▸ YOUR GOAL
Only the lines below from the one that contains "Pink 1960s Solid" through the one that contains "ANGIE Cadence V-Neck" should appear in your answer, exact and without pictures.

PROVIDED RECORDS START

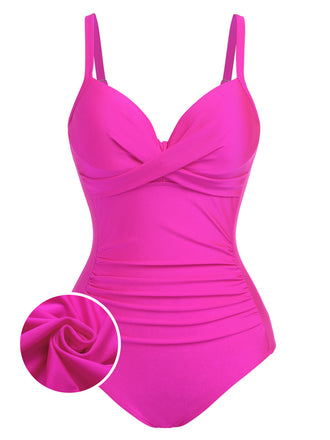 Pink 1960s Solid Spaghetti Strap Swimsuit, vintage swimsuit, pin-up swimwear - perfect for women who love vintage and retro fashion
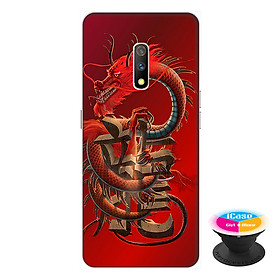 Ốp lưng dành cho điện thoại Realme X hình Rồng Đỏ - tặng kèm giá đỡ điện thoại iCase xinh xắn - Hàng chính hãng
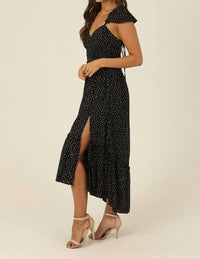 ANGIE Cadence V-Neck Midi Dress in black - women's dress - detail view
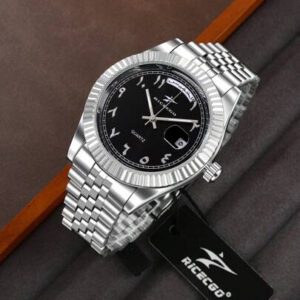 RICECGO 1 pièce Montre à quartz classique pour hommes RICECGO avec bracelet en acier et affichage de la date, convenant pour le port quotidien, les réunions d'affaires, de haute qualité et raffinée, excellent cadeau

PROVIDED RECORDS END
PROVIDED RECORDS START

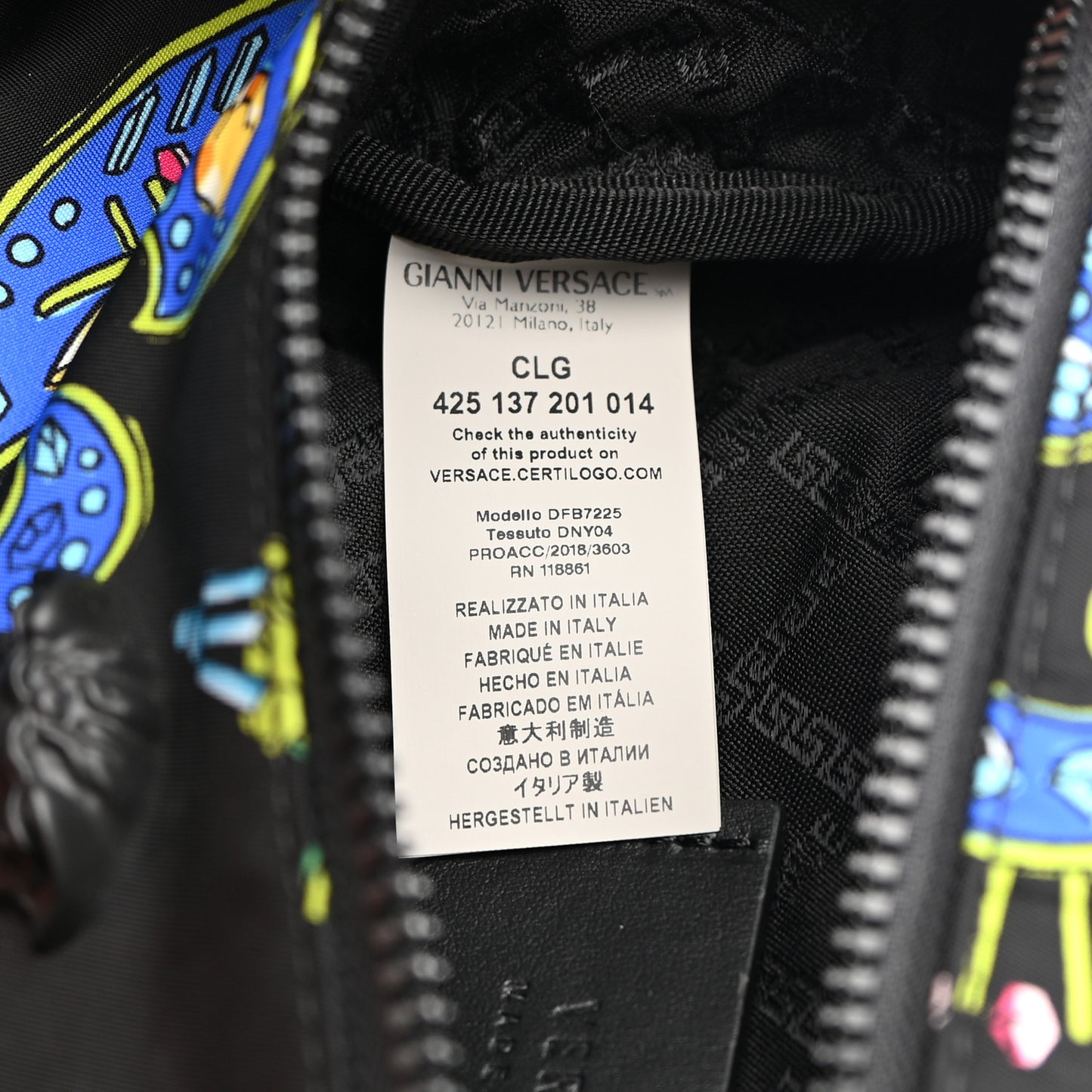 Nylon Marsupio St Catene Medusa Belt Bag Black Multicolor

PROVIDED RECORDS END

▸ EXERCISE ANSWER
 Pink 1960s Solid Spaghetti Strap Swimsuit, vintage swimsuit, pin-up swimwear - perfect for women who love vintage and retro fashion
 Ốp lưng dành cho điện thoại Realme X hình Rồng Đỏ - tặng kèm giá đỡ điện thoại iCase xinh xắn - Hàng chính hãng
 ANGIE Cadence V-Neck Midi Dress in black - women's dress - detail view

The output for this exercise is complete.